Minister of Constitutional Affairs and Justice
- In office 10 January 2022 – 1 April 2022
- President: Samia Suluhu
- Preceded by: Palamagamba Kabudi
- Succeeded by: Damas Ndumbaro

25th Minister of Home Affairs
- In office 23 January 2020 – 8 January 2022
- President: John Pombe Magufuli (2020) Samia Suluhu (2021)
- Preceded by: Alphaxard Lugola
- Succeeded by: Hamad Masauni

Minister of State in the Vice President's Office
- In office 22 July 2019 – 23 January 2020
- President: John Pombe Magufuli
- Succeeded by: Mussa Zungu

Minister of State in the President’s Office
- In office 12 December 2015 – 7 September 2017 Serving with Angellah Kairuki
- President: John Pombe Magufuli
- Succeeded by: George Mkuchika

Minister of Energy and Minerals
- In office 24 January 2015 – 5 November 2015
- Preceded by: Sospeter Muhongo
- Succeeded by: Sospeter Muhongo

Member of Parliament for Kibakwe
- Incumbent
- Assumed office December 2005
- Preceded by: Daimon Mwaga

Personal details
- Born: 5 July 1970 (age 56)
- Party: CCM
- Alma mater: Arusha Technical College Open University of Tanzania (LL.B)

= George Simbachawene =

Tanzanian politician

George Boniface Taguluvala Simbachawene (born 5 July 1968) is a Tanzanian CCM politician and Member of Parliament for Kibakwe constituency since 2005.
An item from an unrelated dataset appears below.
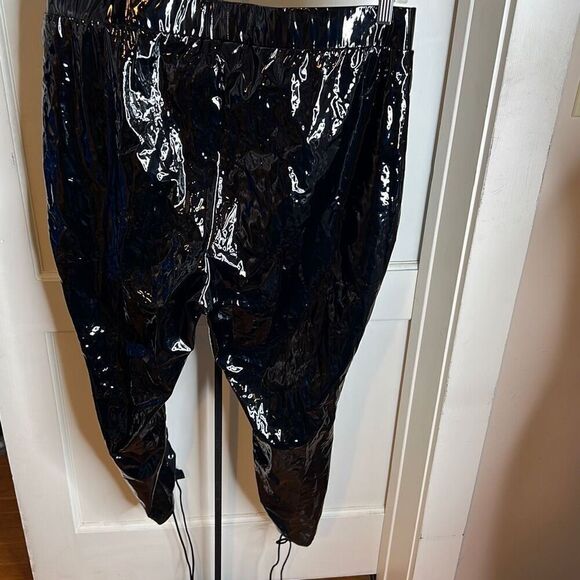 Hot Topic Faux Leather Lace-Up Leggings Size Medium New - Picture 6 of 7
He held the post of the Minister of State in the President’s Office responsible for Regional Administration, Local Government, Civil Service and Good Governance from November 2015 to September 2017. He resigned from his post on September 7, 2017 after his name was implicated in the Minerals report from his time in the Ministry of Energy and Minerals.

On 21 July 2019, he is assigned as the Minister of State in the Vice President's Office. On January 23, 2020 he was appointed as the Minister of Home Affairs. On 10 January 2022 he was sworn in as the new Minister for Legal and Constitutional Affairs.